The Significance of Shrek's 3D Animated Facial Expressions
Transcript of my informative speech on how PDI/DreamWorks' masterpiece revolutionized facial rigging and expressions in 3D animation
“Once upon a time, in a land not so far away, over 275 people were given a daunting task. They had to transform 0s and 1s into a rich landscape filled with creatures who would tell a tale so fascinating and funny that millions of citizens would leave their homes to go see it. The 275 people huffed and they puffed [until] an enchanting world [slowly] began to take shape. And then, as if by magic, over 3 years later, those 0s and 1s were completely transformed into a hilarious movie called Shrek” (Robertson, 2001).
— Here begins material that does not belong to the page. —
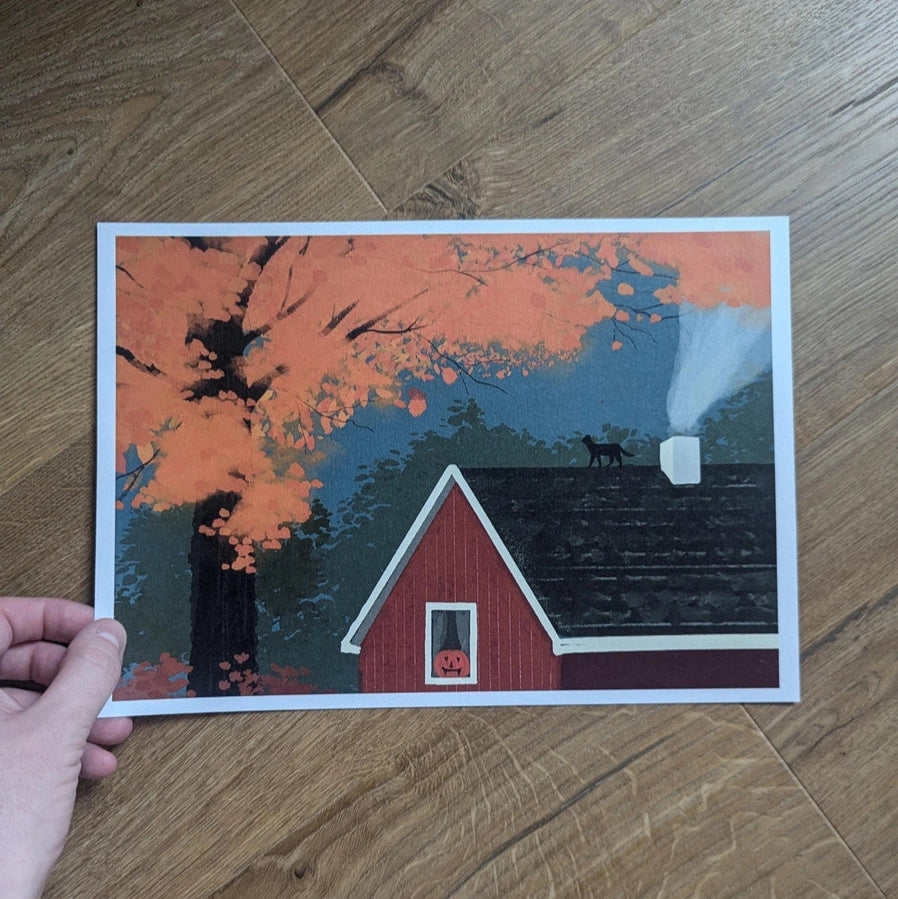 Close-up of October Landscape Art Print showing autumn cabin scene with orange leaves and black cat on roof.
I’m hoping you all know the film I’m talking about.
If so, you’ll be able to recognize this face right away and recall the context of Shrek’s expression:
But.. how about now? Does this look like the version of Shrek you’re familiar with?
Besides his obviously blown up face, there seems to be something wrong with this Shrek. Despite looking like his original counterpart at first, he has soulless eyes and lacks character in his expression.
Being an animation enthusiast and hobby animator myself, I’m well aware of the fact that it’s details like this that can make or break a film’s ability to empathize its characters to the audience.
Thus, a large part of why Shrek is my favorite movie—aside from its great story, characters, message, music, and virtually everything else—is its place in the advancement of facial expressions in computer animation.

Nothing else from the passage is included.